Joe Friday, Myrtle, and the Diabolical Case of My Package
by Tom Piccirilli
Grinning that livid grin, she stuck her feet up on the dash and urged
the slick desperation out of me, giving that laugh and hissing,
come on, run.
Her breath as thick and heavy as honey,
mascara bleeding from her eyes like an Egyptian queen ordering
slaves into the desert, under the stones,
to fall on their swords. Her tongue flicked back and forth across her lips,
and a strap fell from her white shoulder. Pale flesh in moonlight,
the promise of a sweaty sack, you do unreasonable acts for very obvious
reasons. I am
the living cliché of my forefathers, the empty summit
of their common hopes,
the wasteland of their menial efforts, they're all spinning
under the earth thinking, Christ,
this is where my blood has gone?
...this is where my sweat and love and death
have brought my name?...
I drop my chin and ease off the brake
because I have nothing better waiting for me now or tomorrow
than this. Sometimes you call the tornado down,
boredom and the sound of your own heart
is almost as bad as your brother's smiling disregard.

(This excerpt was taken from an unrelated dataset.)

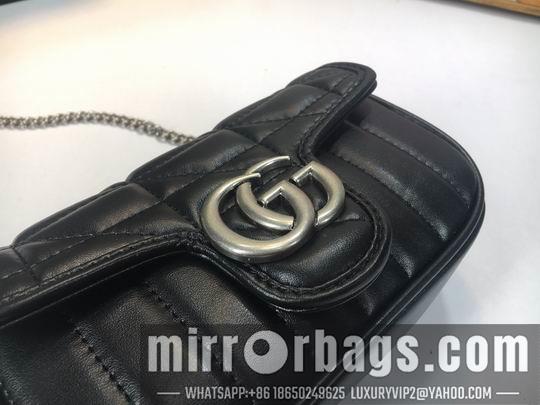 Gucci Bags 1:1 GG Marmont 476433,446744,443497 df06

You sure, I said, and she answered by leaning over
and gripping my goodies.
I could almost see the cop in the rearview
snicker, knowing that I was no different than the rest,
his twice-busted nose wrinkled, teeth on display,
eager in his judgment,
reaching for the radio to call in
my plate numbers–hey Myrtle, got an antsy one at a red light,
acting suspicious, he's making the air cold, and I think
his girl has got her hand around
his package, yes it's confirmed, she's got him
by the goodies, Myrtle–
I am
a split hydrogen atom,
the destruction of a mother's standards,
the failure of a species
and I've never even done anything wrong. I'm not interesting enough
to have done anything wrong,
so a lot is riding on this.
I floored it through the red light without another car
in sight. At 4am the city gives you
some space to scream,
to chase yourself around the far corners of memory
and brutality.
Ride my bumper, Joe Friday,
let's head to the river.
The siren exploded, the brights boiled my eyes into steam.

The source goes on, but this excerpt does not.